(Problem to work on): Pictures stay out of the copy. Retype exactly the lines below from the one with "Giraf t-shirt, Lyseblå" through the one with "classic handbags luxurys".

(Material provided):
════════════════

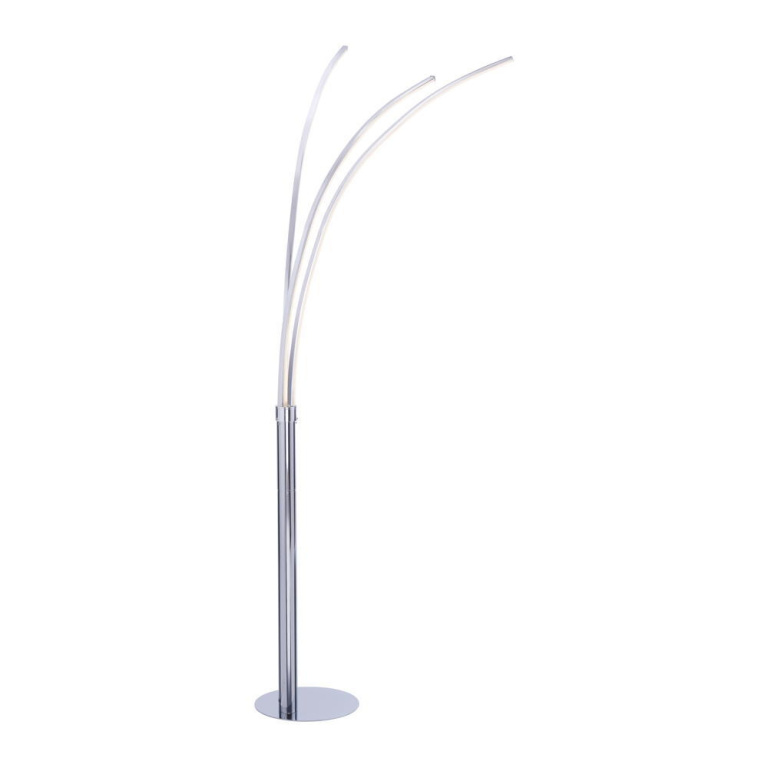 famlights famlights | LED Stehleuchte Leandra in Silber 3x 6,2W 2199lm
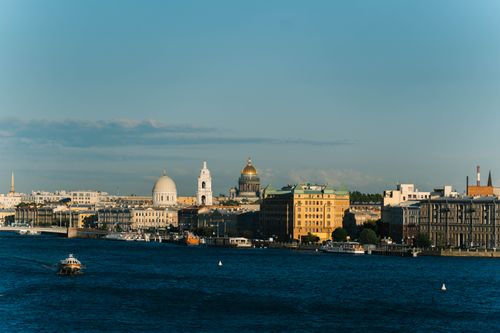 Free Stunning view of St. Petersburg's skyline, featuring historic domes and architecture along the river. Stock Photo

════════════════

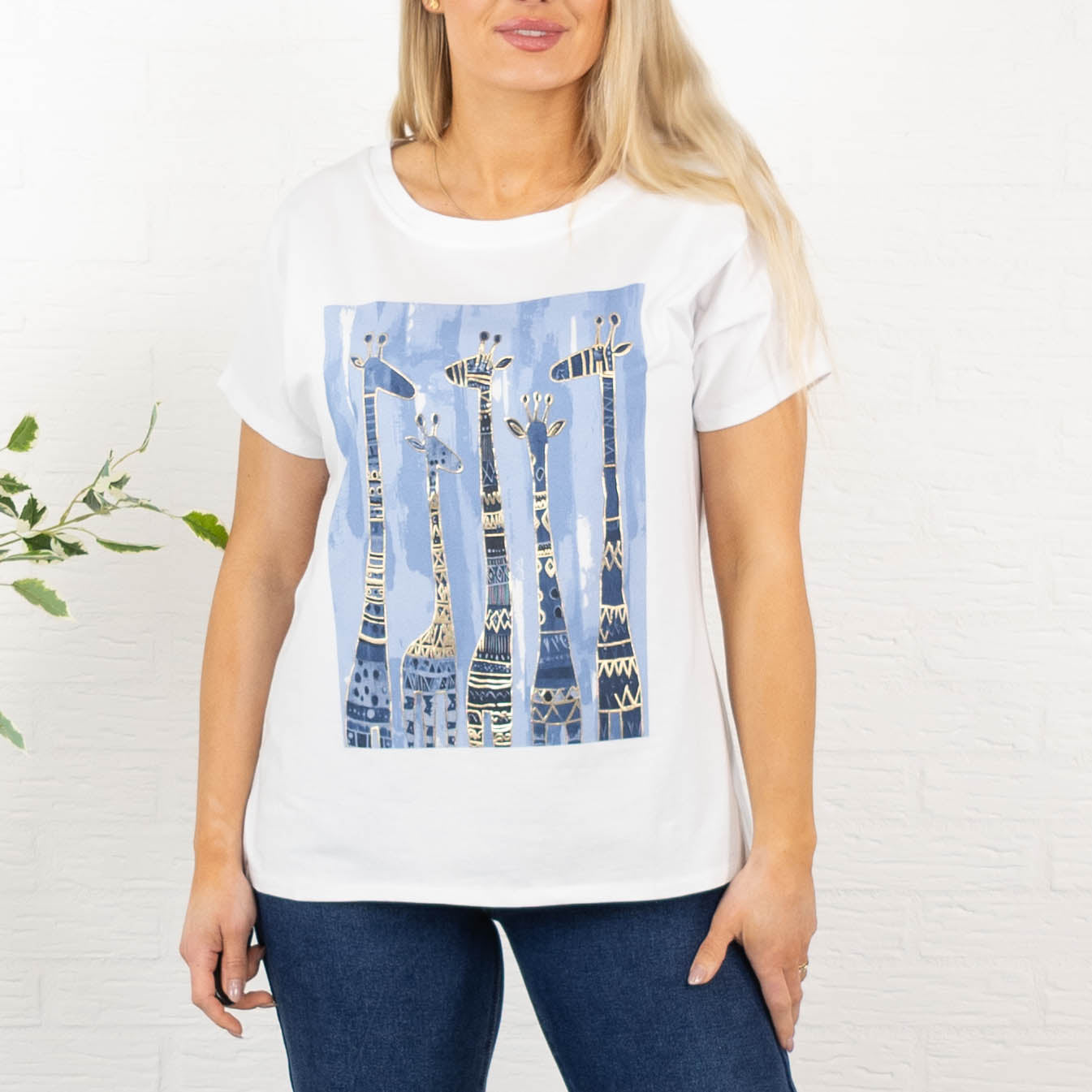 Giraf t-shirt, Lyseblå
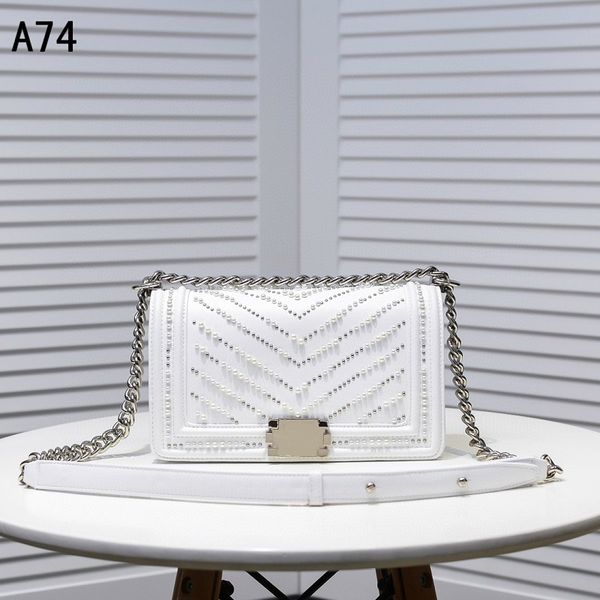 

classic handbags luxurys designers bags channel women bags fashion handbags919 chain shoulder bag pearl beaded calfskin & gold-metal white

════════════════

(Result of this exercise):
 Giraf t-shirt, Lyseblå

classic handbags luxurys designers bags channel women bags fashion handbags919 chain shoulder bag pearl beaded calfskin & gold-metal white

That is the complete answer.